O debate sobre esportes eletrônicos serem esportes ou não voltou à pauta após as declarações da ministra do Esporte, Ana Moser, de não considerar esports como esportes e, por isso, não prever investimento público no mercado de competições de games. O assunto é complexo e não há consenso sobre a conceituação de esports, embora seja possível equipará-los com os esportes tradicionais, segundo especialistas e estudos consultados pelo ge.

Profissionais que trabalham com esports tendem a defendê-los como esportes, enquanto estudiosos do Esporte consideram a classificação complexa demais para responderem somente “sim” ou “não”, já que há diferentes vertentes de conceituação sobre o que são esportes. Entra nessa discussão ainda o fato de que os jogos eletrônicos são propriedades intelectuais de empresas, ou seja, têm donos, ao contrário dos esportes tradicionais.

Esports são esportes?

 

A polêmica comparação entre esports e esportes ressurgiu após as declarações de Ana Moser, que revoltaram a comunidade gamer brasileira. Astros como o streamer Alexandre “Gaules”, o jogador profissional de Counter-Strike: Global Offensive (CS:GO) Gabriel “FalleN” e o empresário e influenciador Bruno “Nobru” reagiram nas redes sociais.

“Esports” não consta no dicionário em português e é resultado da junção de duas palavras em inglês: “electronic” e “sports”, que significam “eletrônico” e “esportes”. O termo nasceu em 1988, primeiro chamado de “online sports game” (jogo esportivo online) pela revista norte-americana Wired, e depois evoluiu para “esports” em 1999, em um comunicado à imprensa sobre o lançamento da associação Online Gamers Association. Há duas décadas, portanto, que os esports estão ligados aos esportes na nomenclatura adotada pela comunidade de jogos eletrônicos competitivos.
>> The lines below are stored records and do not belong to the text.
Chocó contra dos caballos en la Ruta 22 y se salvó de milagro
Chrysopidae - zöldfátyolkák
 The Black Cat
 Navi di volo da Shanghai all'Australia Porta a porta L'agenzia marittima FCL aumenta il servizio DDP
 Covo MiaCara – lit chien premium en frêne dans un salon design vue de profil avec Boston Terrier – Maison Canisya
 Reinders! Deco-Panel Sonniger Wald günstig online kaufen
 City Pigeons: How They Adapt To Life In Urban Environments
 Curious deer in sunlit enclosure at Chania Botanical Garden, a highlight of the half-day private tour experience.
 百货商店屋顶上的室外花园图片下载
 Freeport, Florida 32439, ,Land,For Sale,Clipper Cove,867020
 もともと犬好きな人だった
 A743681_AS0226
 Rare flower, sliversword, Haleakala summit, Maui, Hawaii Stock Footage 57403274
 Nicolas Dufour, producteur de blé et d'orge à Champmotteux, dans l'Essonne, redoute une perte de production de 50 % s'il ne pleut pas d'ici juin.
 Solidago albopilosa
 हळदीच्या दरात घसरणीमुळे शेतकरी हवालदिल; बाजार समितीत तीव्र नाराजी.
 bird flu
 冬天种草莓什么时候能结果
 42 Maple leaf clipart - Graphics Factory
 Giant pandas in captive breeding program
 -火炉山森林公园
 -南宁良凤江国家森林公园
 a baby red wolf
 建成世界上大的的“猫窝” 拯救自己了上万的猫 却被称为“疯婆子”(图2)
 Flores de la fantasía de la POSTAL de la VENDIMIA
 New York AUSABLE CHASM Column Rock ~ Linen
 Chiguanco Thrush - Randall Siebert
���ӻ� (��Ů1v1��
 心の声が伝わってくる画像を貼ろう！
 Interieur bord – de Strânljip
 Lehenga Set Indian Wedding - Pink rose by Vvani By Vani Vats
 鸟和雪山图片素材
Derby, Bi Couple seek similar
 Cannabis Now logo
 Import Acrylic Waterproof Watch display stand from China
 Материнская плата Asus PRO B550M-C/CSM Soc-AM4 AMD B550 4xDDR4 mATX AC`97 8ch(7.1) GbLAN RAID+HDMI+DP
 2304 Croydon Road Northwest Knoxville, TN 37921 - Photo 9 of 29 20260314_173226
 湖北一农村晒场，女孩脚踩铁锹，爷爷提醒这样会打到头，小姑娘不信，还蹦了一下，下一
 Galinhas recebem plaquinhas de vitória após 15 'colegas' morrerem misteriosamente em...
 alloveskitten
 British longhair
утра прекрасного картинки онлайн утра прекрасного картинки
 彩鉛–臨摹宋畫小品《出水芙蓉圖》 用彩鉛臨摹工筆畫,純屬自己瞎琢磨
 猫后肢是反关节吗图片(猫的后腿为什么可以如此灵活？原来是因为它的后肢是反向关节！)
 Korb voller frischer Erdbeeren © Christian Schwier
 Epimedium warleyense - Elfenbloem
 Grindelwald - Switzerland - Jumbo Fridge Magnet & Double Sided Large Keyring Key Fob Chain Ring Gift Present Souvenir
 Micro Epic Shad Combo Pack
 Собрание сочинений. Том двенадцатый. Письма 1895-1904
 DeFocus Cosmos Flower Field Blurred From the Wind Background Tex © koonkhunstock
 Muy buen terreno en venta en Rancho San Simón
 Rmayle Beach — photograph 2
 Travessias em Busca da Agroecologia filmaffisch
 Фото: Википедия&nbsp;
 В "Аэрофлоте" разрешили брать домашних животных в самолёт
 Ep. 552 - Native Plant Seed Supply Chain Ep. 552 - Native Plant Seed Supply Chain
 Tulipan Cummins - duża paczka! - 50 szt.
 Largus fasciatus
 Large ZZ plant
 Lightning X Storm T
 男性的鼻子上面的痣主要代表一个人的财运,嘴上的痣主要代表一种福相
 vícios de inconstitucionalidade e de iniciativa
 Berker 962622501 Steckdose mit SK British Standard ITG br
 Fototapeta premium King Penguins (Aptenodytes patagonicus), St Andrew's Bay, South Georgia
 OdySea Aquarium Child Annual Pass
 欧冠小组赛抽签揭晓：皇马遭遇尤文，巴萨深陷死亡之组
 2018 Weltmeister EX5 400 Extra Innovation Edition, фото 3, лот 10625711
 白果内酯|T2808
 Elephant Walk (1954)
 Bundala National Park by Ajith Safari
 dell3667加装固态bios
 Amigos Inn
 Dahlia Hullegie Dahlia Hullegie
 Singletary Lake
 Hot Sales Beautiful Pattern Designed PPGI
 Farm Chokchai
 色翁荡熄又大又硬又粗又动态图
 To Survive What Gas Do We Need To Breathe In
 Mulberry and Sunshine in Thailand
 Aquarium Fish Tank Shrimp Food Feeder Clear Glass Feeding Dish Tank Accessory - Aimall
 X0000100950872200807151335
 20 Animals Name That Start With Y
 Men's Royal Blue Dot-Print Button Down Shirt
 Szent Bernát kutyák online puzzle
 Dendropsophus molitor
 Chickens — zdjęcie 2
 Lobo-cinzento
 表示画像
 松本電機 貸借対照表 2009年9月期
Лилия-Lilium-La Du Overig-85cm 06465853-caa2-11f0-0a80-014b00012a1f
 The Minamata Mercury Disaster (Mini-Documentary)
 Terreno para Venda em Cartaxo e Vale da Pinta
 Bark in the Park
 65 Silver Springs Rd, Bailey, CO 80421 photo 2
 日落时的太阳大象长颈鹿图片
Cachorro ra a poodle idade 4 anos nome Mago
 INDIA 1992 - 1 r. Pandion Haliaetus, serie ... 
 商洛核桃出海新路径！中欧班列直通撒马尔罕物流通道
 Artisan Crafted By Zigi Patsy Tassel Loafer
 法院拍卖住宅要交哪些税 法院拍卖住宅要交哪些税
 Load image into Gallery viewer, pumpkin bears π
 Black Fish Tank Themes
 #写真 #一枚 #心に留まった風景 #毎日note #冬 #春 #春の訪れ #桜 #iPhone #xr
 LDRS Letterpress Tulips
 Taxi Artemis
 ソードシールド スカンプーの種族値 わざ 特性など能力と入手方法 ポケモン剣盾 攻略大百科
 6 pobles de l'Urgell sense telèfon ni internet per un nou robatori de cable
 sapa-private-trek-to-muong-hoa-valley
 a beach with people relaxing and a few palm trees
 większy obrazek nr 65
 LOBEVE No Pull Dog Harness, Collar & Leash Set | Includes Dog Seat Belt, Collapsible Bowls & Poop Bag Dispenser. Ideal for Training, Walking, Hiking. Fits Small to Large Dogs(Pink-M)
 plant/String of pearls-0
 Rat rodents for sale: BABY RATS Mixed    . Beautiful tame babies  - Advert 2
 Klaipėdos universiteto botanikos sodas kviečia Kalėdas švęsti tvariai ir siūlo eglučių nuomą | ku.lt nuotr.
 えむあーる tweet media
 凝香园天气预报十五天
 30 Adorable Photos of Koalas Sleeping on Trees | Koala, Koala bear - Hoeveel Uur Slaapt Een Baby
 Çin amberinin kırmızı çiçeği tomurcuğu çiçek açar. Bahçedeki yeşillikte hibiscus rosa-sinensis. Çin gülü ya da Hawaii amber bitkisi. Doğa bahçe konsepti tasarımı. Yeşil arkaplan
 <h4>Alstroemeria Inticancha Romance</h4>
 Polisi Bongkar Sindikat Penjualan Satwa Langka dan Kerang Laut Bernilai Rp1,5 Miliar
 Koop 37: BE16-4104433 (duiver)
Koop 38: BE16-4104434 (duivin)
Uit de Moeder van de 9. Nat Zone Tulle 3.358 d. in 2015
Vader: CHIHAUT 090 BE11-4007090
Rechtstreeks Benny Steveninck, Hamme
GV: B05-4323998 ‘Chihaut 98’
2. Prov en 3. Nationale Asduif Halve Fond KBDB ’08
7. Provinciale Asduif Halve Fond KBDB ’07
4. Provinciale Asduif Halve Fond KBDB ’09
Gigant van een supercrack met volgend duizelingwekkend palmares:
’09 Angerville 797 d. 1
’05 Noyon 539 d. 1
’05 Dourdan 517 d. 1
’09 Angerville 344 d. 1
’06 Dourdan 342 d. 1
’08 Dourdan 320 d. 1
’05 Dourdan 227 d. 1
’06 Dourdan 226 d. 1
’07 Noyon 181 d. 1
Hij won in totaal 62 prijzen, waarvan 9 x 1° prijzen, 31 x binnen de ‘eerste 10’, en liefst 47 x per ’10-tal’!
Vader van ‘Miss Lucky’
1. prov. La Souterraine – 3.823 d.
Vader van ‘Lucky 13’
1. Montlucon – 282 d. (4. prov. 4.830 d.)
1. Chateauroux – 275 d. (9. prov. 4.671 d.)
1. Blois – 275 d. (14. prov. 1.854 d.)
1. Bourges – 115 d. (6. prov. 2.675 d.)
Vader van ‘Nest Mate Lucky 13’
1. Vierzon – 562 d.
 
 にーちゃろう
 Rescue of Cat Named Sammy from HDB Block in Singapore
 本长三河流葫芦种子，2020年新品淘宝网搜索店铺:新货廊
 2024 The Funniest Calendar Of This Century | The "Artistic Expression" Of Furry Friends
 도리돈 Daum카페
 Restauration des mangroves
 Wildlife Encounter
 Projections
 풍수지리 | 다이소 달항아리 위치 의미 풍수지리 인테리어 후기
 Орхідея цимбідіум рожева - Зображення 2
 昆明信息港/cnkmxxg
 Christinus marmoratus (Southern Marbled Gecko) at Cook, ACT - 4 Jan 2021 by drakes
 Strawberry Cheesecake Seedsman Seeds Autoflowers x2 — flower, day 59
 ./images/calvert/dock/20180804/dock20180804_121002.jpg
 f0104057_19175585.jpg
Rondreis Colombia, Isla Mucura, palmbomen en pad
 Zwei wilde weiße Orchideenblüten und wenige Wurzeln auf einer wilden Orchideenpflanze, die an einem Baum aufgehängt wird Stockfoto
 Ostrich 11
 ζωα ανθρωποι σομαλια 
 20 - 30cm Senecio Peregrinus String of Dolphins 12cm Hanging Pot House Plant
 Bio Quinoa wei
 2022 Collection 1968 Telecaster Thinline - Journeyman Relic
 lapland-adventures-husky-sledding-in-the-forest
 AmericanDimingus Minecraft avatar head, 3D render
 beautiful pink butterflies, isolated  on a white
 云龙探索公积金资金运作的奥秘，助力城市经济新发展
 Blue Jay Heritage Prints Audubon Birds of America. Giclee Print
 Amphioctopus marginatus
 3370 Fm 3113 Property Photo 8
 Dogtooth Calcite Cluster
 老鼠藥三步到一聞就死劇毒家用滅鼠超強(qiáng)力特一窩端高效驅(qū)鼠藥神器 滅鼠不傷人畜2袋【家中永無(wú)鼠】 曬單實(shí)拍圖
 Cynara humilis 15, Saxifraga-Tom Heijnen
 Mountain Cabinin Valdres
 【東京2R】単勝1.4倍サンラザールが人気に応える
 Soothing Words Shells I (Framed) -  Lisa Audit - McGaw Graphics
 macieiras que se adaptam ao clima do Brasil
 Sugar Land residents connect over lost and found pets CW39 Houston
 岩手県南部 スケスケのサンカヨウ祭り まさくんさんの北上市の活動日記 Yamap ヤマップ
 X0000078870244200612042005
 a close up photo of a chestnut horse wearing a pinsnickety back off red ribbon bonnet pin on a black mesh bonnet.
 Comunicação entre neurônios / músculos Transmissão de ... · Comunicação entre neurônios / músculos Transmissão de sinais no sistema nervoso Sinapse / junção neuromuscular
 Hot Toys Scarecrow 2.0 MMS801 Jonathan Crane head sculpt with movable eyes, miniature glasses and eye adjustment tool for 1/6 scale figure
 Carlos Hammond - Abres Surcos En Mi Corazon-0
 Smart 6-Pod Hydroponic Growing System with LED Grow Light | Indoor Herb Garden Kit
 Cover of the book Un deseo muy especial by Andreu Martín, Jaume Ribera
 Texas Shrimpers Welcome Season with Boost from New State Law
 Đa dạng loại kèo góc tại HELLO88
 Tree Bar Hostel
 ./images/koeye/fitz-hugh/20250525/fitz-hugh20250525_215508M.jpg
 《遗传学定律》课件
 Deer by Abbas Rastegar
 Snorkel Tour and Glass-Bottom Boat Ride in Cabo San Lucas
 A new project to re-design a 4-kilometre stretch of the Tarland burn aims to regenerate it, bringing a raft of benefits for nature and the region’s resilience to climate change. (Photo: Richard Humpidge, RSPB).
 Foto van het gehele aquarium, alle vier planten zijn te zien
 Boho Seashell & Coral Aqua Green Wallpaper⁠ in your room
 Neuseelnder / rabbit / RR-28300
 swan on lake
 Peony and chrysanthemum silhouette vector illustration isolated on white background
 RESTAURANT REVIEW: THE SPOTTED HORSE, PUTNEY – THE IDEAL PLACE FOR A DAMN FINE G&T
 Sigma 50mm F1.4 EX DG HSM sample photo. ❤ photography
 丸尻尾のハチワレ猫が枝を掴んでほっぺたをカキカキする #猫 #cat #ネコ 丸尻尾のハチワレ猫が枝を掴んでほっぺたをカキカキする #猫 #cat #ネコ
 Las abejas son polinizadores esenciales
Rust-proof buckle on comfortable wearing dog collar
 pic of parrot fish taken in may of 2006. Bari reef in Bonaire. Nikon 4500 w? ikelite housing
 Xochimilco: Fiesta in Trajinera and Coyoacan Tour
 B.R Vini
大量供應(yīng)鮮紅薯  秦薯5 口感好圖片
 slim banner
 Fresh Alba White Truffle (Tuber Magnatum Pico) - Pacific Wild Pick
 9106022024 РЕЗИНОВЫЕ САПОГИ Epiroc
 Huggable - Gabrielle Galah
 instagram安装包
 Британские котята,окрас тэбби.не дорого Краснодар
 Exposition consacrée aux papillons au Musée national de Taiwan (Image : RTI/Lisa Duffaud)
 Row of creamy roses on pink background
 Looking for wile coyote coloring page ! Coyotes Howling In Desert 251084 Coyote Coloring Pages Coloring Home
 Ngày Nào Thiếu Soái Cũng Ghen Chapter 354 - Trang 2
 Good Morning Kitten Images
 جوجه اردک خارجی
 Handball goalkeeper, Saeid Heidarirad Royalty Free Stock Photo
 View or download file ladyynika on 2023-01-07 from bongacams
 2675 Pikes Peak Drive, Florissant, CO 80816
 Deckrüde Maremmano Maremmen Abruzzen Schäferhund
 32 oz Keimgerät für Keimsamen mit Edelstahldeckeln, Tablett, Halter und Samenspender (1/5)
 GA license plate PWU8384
Mas, antes de tudo, o que é esporte?

No dicionário Michaelis, “esporte” é assim definido:

  1. Prática metódica de exercícios físicos visando o lazer e o condicionamento do corpo e da saúde;
  2. O conjunto das atividades físicas ou de jogos que exigem habilidade, que obedecem regras específicas e que são praticados individualmente ou em equipe;
  3. Cada uma dessas atividades; desporte, desporto.
  4. Atividade de lazer ou de divertimento; hobby, passatempo.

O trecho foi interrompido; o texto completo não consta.